Directions.
Return the whole listing, line for line, without the pictures in it.

Supplied information below:

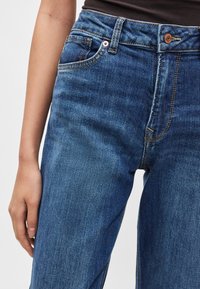 Mėlynos džinsinės kelnės aukštu liemeniu, turinčios penkias kišenes, vario spalvos sagos užsegimą ir kontrastingas oranžines siūles ant lygios tekstūros.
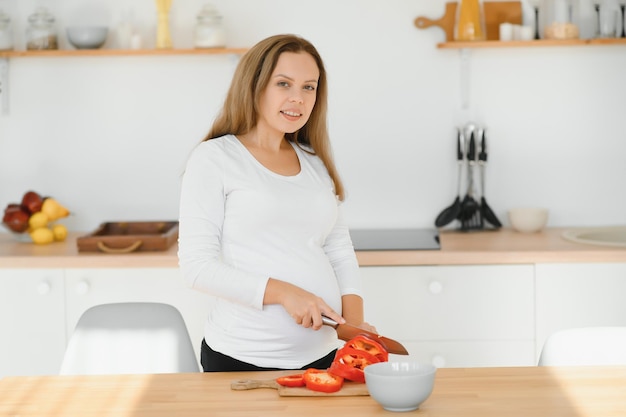 Femme enceinte dans la cuisine faisant de la salade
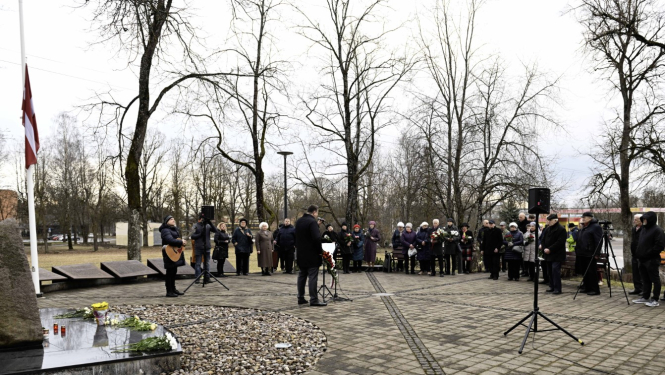 Ogres novada pašvaldības domes priekšsēdētājs Egils Helmanis un citi cilvēki stāv pie represēto piemiņas akmens Ogrē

End of Supplied information.

Result of the task.
 Mėlynos džinsinės kelnės aukštu liemeniu, turinčios penkias kišenes, vario spalvos sagos užsegimą ir kontrastingas oranžines siūles ant lygios tekstūros.
 Femme enceinte dans la cuisine faisant de la salade
 Ogres novada pašvaldības domes priekšsēdētājs Egils Helmanis un citi cilvēki stāv pie represēto piemiņas akmens Ogrē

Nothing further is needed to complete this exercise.